(Collected data Opens)

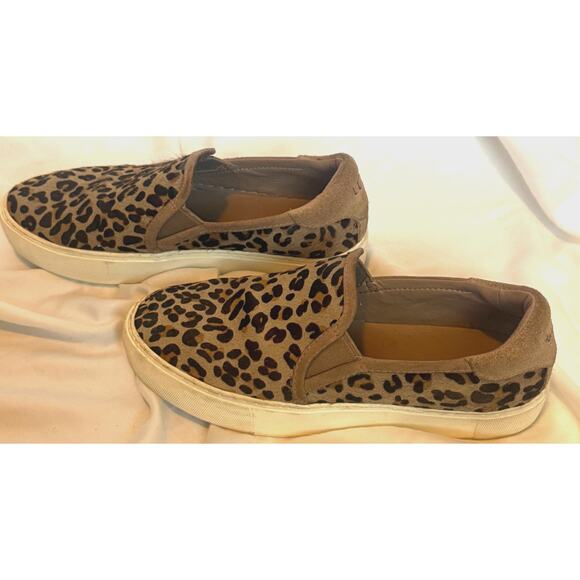 UGG Women’s Leopard Print Slip-On Sneakers Size 7 US 38 EU Casual Flats Shoes - Picture 7 of 11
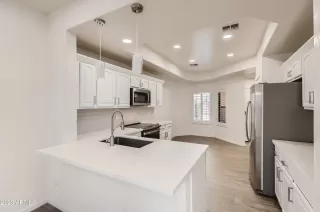 Photo #5: 6515738 Listing 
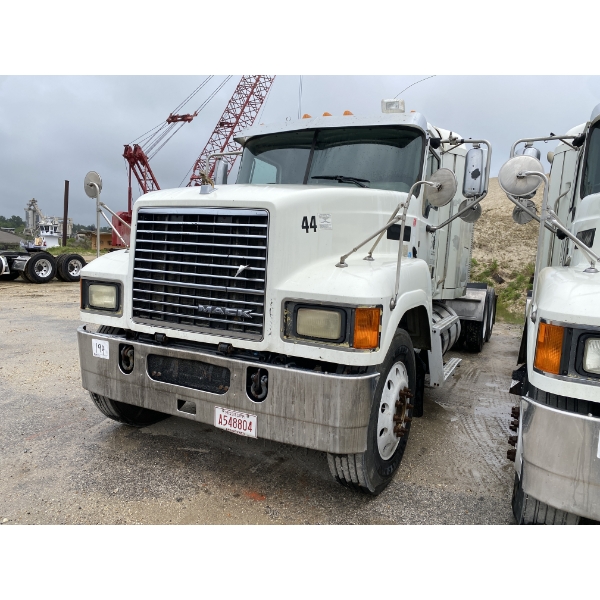 2016 MACK CHU613 Sleeper Truck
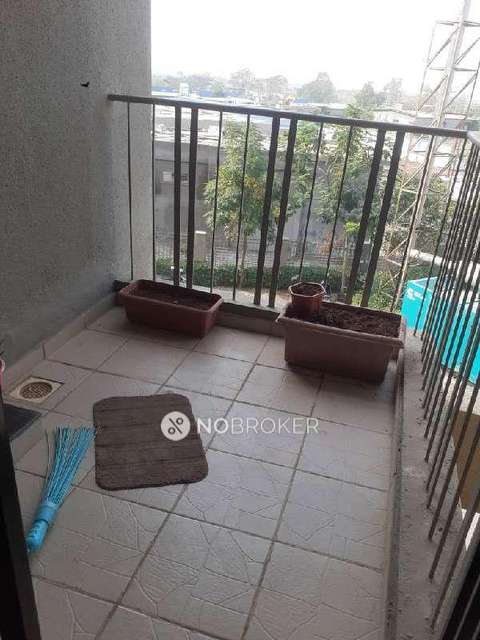 2 BHK Flat In Pride World City Long Island For Sale  In Charholi Budruk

(Collected data Closes)

The answer must be the lines above from the line that contains "2016 MACK CHU613 Sleeper Truck" to the final line of the data, word for word, with no pictures.

 2016 MACK CHU613 Sleeper Truck
 2 BHK Flat In Pride World City Long Island For Sale  In Charholi Budruk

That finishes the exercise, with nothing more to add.